For this connection, you need to connect the BeagleBone to the host laptop/desktop PC using a USB to MiniUSB cable (Micro USB in case of BeagleBone Green). This is a popular way of accessing BeagleBone and programming on Cloud9 IDE. BeagleBone treats its MiniUSB port as a virtual Ethernet port using a special driver. With the help of this driver, one can attach an IP address to MiniUSB port and access it like the Ethernet. By default, it has the static address 192.168.7.2. In order to communicate with it, you need to have usbnet/RNDIS driver installed on a connected PC. It comes preinstalled in most of the Linux systems. In that case, you will get a new Ethernet entry in output of command ifconfig. On a Windows system, you need to install RNDIS drivers manually. BeagleBone has a RNDIS driver installable in its fat storage. Please refer to the Installing Debian image on SD card section, to open the Getting Started webpage. This page has a local link to an executable file that installs RNDIS and other drivers. Click on the correct driver link on the Getting Started page according to your PC OS. You can also install the driver manually from the Drivers folder in BeagleBone's fat storage.

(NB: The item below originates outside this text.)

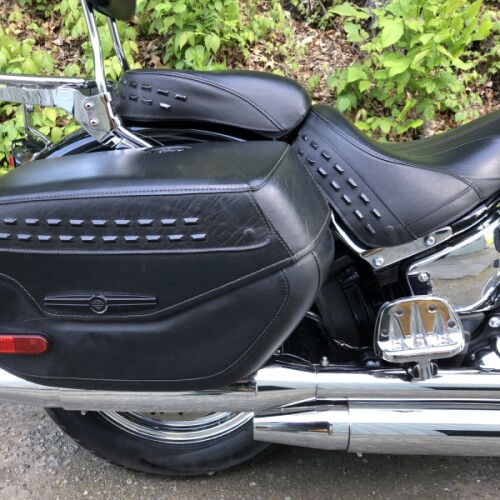 2020 Harley-Davidson® Heritage Classic 107 Vivid Black thumb 2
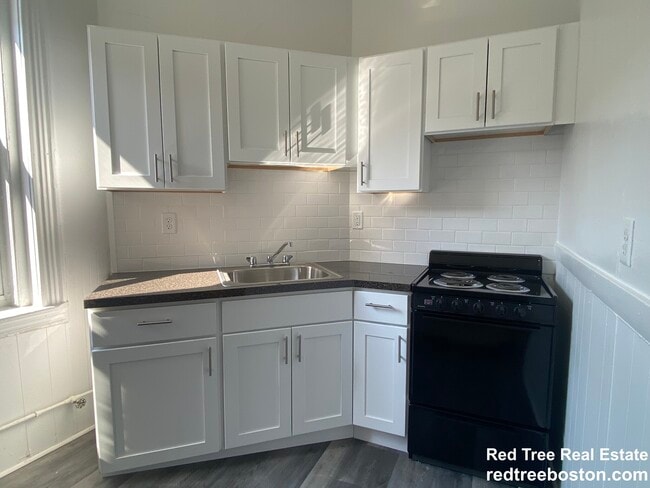 property at 5 Walbridge St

After installing the RNDIS2 driver, you will see the new network card interface in network settings. It should get IP address 192.168.7.1 via dhcp. If not, manually give the IP address to new network interface on your PC—192.168.7.1. You can open the bone101 page by putting http://192.168.7.2 in the browser address bar and Cloud9 IDE with http://192.168.7.2:3000/.You can get shell access on BeagleBone by running command ssh root@192.168.7.2 in the Linux/Mac terminal. On Windows systems, you will need terminal emulator like putty for this. You need to connect BeagleBone to the router via an Ethernet or USB-Wi-Fi in order to get Internet access. You can use a VNC connection to get BeagleBone GUI access. It is covered in a later section.
Use Firefox/Chrome only for connection. Internet Explorer is not supported.
Sometimes, BeagleBone's usb0 (Ethernet over USB) interface does not get turned on automatically. It can be turned on by doing shell access to BeagleBone and executing the command:
sudo ifconfig usb0 up.Refer to the table at end of this topic to learn different ways you can get shell access. After getting shell access to BeagleBone, you can use utilities like
ifconfig,pinganddmesgto debug further.If you were not able to install the
RNDISdriver from the BeagleBone flash storage, you can install drivers from http://beagleboard.org/static/Drivers.
BeagleBone comes with an Ethernet port. You can connect a laptop/desktop PC and BeagleBone via a Ethernet cable directly or preferably via a router. By default, the Ethernet port of BeagleBone is configured to get automatic IP address via dhcp. There should be a dhcp server configured in your network to get the IP address assigned to the BeagleBone Ethernet port. Ethernet port connection with the Internet-connected router gives your BeagleBone access to the Internet. Then you can install/upgrade packages on the Internet. Many programs in this book rely on Internet connection to the BeagleBone. This is the most preferred way of connection as far as this book is concerned.
Another option is to connect the USB Wi-Fi adapter to BeagleBone and then connect your PC to BeagleBone via its IP address. You need to install the correct kernel firmware package according to your Wi-Fi adapter chipset using the command apt-get. Once configured, this connection works the same as the Ethernet connection.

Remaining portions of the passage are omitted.